Imagine packing the intelligence of a neural network into a device smaller than your palm - how tiny can we go? It turns out, pretty small! With the right techniques, we can run some serious AI on a modest board like the Raspberry Pi Pico.
In this article I discuss how we can create a single word speech recognition system using neural networks on the Raspberry Pi Pico. The code and instructions mentioned in this article were tested with a Raspberry Pi Pico board, but should work with almost any board that supports CircuitPython. This work is mainly inspired from a tutorial on tensorflow’s website. While my work is experimental, but it is fun to play with 🙂.
💡 Link to the project’s repository: https://github.com/code2k13/pipico_speech_recognition
Hardware Requirements And Circuit Diagram
For hardware requirements, circuit assembly, and steps to get it working, please visit the project’s GitHub page.
In the article below, I discuss some important topics related to the project and the inner workings of the code. This article should give you a good idea of capturing speech using a microcontroller and feature engineering applied in this project. This should help you understand the code better and help me improve it.
Why CircuitPython?
Of course, writing code in C++ using the Pi Pico SDK would be more efficient. However, that approach requires setting up a build process to convert C++ code into UF2 files. Additionally, adding different peripherals becomes complex, and you need to find drivers for them.

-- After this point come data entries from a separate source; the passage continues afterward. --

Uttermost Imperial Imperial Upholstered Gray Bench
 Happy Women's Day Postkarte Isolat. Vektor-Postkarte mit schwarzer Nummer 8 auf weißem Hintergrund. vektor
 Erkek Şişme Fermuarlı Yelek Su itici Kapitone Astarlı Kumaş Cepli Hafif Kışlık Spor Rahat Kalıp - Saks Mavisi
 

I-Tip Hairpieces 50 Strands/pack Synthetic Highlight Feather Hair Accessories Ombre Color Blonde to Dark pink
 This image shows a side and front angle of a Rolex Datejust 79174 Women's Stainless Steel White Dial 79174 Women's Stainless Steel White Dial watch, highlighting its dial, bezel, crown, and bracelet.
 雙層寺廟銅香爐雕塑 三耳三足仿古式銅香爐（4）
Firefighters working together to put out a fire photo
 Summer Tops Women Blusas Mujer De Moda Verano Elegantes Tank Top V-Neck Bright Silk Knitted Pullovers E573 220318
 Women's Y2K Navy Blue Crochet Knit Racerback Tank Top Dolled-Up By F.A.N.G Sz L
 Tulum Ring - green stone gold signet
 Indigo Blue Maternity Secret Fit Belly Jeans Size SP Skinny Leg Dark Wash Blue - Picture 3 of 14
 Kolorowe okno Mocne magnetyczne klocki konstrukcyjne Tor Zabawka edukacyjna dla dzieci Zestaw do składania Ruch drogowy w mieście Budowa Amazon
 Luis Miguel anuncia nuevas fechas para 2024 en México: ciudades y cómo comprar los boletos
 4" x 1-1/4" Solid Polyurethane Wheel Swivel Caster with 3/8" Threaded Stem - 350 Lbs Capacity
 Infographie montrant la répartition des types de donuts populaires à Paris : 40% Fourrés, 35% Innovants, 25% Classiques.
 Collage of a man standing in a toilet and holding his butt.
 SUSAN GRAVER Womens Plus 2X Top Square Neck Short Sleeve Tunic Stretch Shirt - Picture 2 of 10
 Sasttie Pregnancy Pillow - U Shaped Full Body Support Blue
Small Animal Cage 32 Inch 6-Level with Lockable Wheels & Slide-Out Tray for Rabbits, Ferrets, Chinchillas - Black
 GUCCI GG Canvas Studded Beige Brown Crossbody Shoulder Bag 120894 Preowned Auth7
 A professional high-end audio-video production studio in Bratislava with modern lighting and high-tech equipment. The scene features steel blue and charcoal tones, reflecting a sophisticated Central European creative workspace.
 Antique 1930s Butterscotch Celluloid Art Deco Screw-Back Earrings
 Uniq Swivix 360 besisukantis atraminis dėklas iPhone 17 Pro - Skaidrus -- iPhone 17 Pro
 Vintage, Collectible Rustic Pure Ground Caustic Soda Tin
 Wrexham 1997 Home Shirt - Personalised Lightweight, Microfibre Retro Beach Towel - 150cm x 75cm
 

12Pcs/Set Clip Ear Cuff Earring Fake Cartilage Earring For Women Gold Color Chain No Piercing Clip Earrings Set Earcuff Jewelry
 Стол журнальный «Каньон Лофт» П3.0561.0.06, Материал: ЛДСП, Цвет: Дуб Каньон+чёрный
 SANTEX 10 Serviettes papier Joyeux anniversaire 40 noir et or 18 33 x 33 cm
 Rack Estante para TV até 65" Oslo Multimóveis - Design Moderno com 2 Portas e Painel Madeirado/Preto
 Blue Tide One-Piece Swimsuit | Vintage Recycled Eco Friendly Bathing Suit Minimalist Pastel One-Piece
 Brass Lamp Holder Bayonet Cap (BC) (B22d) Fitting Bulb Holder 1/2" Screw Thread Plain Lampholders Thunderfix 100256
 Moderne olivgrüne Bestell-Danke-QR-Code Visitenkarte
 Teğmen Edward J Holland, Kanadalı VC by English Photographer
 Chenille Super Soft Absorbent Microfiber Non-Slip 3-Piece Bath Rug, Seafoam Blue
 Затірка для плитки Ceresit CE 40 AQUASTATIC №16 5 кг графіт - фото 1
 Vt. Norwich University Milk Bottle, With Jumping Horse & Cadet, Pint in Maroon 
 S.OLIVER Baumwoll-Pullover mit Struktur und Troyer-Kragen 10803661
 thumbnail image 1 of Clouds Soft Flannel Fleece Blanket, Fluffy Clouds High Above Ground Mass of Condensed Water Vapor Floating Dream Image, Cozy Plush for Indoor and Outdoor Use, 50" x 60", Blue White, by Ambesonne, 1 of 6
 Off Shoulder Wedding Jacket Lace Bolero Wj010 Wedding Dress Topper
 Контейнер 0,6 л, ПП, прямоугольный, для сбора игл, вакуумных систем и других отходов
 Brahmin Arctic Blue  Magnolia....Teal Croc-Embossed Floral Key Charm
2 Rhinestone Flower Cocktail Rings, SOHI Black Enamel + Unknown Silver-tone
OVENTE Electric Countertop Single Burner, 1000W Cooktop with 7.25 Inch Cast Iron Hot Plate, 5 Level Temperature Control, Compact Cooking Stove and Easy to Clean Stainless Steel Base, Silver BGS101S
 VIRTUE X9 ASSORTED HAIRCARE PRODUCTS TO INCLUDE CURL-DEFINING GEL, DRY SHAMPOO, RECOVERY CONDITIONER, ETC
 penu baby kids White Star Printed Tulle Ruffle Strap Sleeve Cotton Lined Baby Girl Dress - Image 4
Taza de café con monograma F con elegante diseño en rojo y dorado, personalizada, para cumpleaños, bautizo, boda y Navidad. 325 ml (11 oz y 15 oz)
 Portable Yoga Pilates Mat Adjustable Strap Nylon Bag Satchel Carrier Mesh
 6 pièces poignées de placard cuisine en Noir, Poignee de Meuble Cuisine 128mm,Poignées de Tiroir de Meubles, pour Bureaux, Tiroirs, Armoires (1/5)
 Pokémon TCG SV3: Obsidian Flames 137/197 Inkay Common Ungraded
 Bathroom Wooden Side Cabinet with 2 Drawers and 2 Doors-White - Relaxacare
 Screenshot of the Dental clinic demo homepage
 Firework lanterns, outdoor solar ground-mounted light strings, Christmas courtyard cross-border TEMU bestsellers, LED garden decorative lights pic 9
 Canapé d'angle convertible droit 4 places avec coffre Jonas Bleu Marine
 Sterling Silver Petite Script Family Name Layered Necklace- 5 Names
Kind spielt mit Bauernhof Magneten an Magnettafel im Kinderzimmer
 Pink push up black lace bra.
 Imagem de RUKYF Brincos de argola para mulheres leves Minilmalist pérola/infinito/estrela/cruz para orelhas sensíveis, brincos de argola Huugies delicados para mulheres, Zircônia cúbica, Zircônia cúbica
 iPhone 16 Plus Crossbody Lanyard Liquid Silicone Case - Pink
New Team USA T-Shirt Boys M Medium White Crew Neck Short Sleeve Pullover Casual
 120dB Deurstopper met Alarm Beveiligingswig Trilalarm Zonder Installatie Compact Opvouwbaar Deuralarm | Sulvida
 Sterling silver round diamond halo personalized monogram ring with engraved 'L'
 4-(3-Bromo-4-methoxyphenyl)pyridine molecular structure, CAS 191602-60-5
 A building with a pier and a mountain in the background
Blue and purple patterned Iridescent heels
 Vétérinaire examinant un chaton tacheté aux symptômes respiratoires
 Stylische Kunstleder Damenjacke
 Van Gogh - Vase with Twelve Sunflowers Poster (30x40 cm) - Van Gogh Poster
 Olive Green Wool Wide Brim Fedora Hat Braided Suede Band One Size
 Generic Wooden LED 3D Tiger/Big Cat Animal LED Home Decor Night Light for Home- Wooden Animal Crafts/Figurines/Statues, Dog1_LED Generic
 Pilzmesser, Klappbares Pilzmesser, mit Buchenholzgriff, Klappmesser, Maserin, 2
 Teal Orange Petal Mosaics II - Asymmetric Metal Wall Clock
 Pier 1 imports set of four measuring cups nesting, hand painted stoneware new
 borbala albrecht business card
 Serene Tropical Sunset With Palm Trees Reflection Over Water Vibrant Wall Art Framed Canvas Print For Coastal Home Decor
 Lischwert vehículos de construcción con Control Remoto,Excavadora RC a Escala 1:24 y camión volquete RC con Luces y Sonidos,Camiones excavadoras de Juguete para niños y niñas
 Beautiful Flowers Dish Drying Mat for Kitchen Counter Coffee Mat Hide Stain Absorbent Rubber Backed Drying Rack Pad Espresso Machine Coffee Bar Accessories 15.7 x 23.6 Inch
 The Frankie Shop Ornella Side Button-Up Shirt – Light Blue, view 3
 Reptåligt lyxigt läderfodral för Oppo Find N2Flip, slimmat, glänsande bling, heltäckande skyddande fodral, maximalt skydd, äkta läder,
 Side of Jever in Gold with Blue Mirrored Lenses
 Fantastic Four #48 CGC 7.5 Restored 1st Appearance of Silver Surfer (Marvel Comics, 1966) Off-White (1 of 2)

Initially, I was unsure if CircuitPython could handle audio sampling. But after some trial and error, using a tight while loop seems to work effectively. Plus, it’s much easier with Python to test code on a PC and then transfer it to CircuitPython on the microcontroller. The ease of making edits is also unmatched.
CircuitPython dramatically reduces the time needed to conduct experiments (although at the expense of performance).
Recording Speech Using a Microcontroller
Follow the instructions and code from this notebook.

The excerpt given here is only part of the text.